Not long after, our farmers arrived, employing the plow and their wits to coax grain from the earth. All of these endeavors brought a spectrum of nationalities together, tested and refined them to ensure they were tough and hardy, and made the Montana we are today.

A few years ago, an ad campaign sought to label Montana as “Big Sky Country;” it’s an apt description and has apparently stuck. Ours are certainly grand vistas, clean air, and an endless horizon. This was, I suppose, a better connection to the visitors we sought to attract. To native Montanans, ours is still the “Treasure State.”

The treasure, for those in rural areas, is not the gold and silver and copper.

It is, rather, the riches of a life on what can still be called a frontier. Much of America lives in the cities, most notably in the coastal states, and may view Montana’s handful of “cities” as rural small towns. Perhaps they are right, as our rural values are held by many who live in Great Falls, Billings or Missoula.

But, for our farmers and ranchers, who live a purely rural lifestyle, the valued treasure comes into focus. It is just this- the privilege of a uniquely independent life, seemingly paradoxically combined with a culture of working together to ensure the well-being of neighbor and community.
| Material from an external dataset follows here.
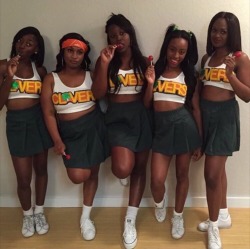 frenchinhalechanelxoxo:  East Compton Clovers x BringItOn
The farmer members of Montana Grain Growers Association take their business seriously, and most did not choose their profession for the lifestyle. They tend to feel an odd sense of responsibility for feeding a hungry world, and enjoy the challenge of working with nature to create the grains we enjoy. You can often spot these farmers on our avenues and highways, their trucks fitted with the golden license plate with a close-up graphic of ripened wheat and, across the bottom, the slogan, “Raising The Word’s Finest Grain.”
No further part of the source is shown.